La population rurale sait exprimer sa souffrance et son mécontentement. L'un des moyens pour ce faire est d'envoyer une ambassade nombreuse au représentant local du roi, qui en avise le Parlement. Mais dans le contexte de crise et de désorganisation du XVe siècle commençant, l'expression de ce mécontentement et de cette souffrance prend une forme différente. À Domrémy, dans les circonstances particulières de 1428-29, la destruction du village a cristallisé le sentiment populaire autour de la figure du roi sans couronne, tandis que la percée anglaise jusqu'à Orléans (foyer et symbole de la résistance armagnaque) fait sentir l’urgence de le soutenir activement. Le message porté par Jeanne ne diffère sans doute en rien des discours que sa famille et ses voisin.e.s ont pu tenir aux lendemains de la perte de leurs biens et après l'annonce du siège d’Orléans : pour que la paix règne à nouveau, le peuple doit venir au secours de l’ex-dauphin, bloquer l'avancée ennemie et ouvrir le chemin de Reims pour qu'il y soit couronné. Jeanne messagère l’est donc plutôt du sens de l’Histoire qui anime la paysannerie des marges de la Lorraine en réaction aux effets de la guerre, que d’une autorité divine ou démoniaque qui disputerait le gouvernement de la France. Elle agit en représentante de la communauté rurale de Domrémy, forte d’une parole collective de type historico-mythologique qui met en avant le signe que doit obtenir le peuple pour le roi qu’il a élu, signe divin qui lui promet son sacre. Cette parole n’est pas entendue dans son répertoire populaire, mais est tournée en parole prophétique issue de Dieu, ce qui conduit inévitablement au paradoxe d’une petite paysanne portant seule un message divin : « Pourquoi vous, plutôt qu'une autre ? »
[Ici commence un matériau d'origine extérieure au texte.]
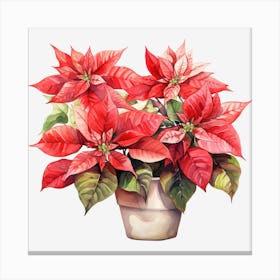 Poinsettia 12 Canvas Print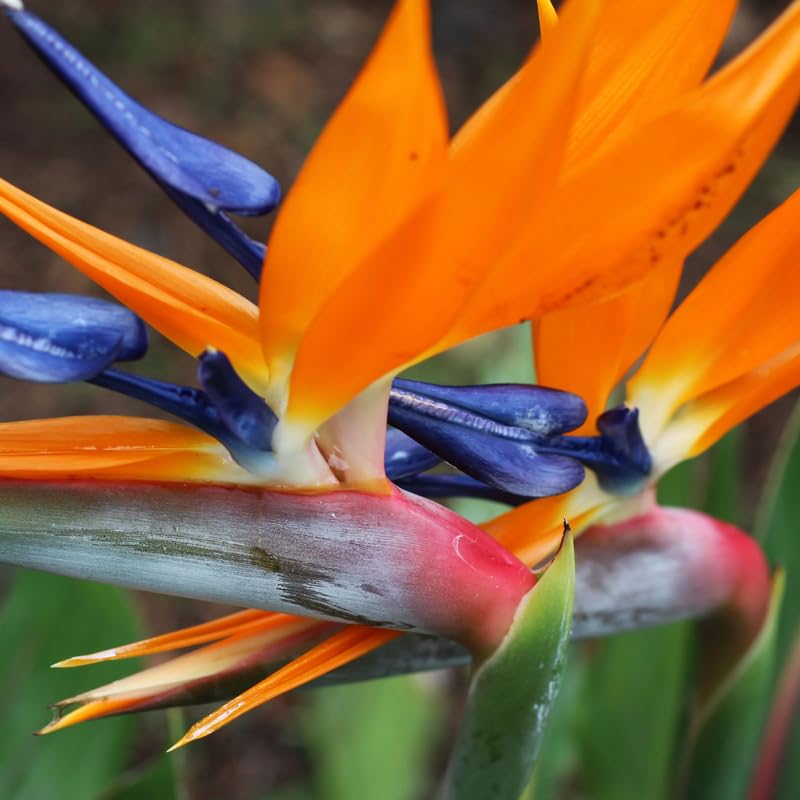 Bird of Paradise Plant Live Houseplant, 4 to 8 Inches Tall A27064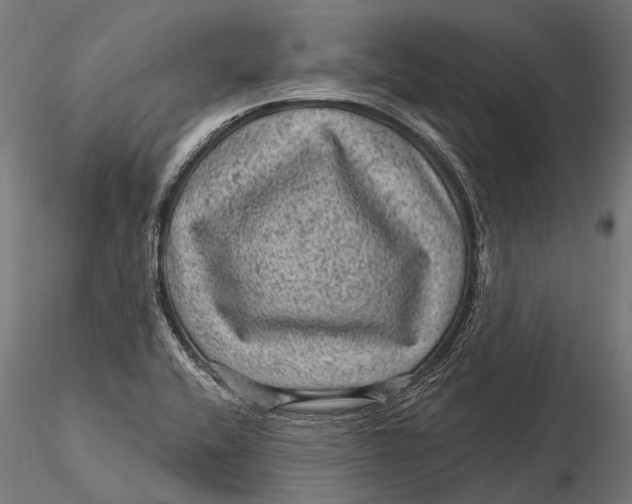 X0000116011416200912101330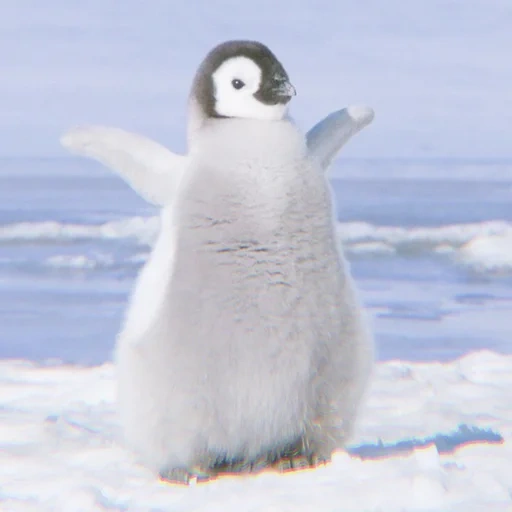 manchot, penguin cher, le pingouin est petit, pingouin poroto, pingouin impérial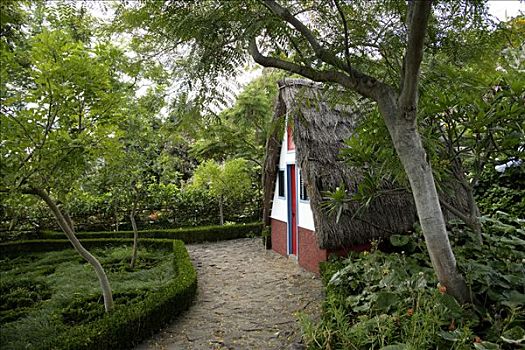传统,房子,植物园,丰沙尔,马德拉岛,葡萄牙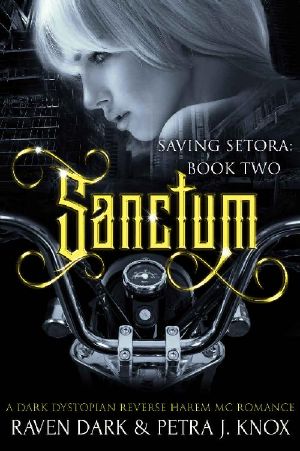 [Saving Setora 02] • Sanctum · Saving Setora (Book Two) (Dark Dystopian Reverse Harem MC Romance)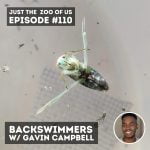 110: Backswimmers w/ Gavin Campbell! episode logo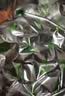 赶海弟 海带结500g 盐渍新鲜海带扣丝苗昆布片 火锅食材凉拌菜 南北干货 实拍图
Jeanne s’est donc vouée à sa mission comme la représentante d’un élan populaire pour la paix. Elle l'a menée sans faiblir, au-delà même de son terme (Reims), portée par le soutien croissant du peuple. Vue depuis la noblesse et le clergé, elle semble répondre à un appel qui a valeur de signe divin pour le futur roi de France, de bannière pour les capitaines ou de problème politique à résoudre pour les Anglais. La vocation de Jeanne se manifeste tour à tour comme prophétie, comme conseil intime et comme voix. Mais les voix identifiées comme émanant de saint.e.s et d’anges sont incompréhensibles si l’on écarte, comme le fait le tribunal d'Inquisition par un biais sociologique, leur fonction d’intermédiation entre les prières du peuple et les décrets de Dieu, et le recours qu'iels constituent dans les mouvements populaires pour pallier à leur absence de légitimité politique.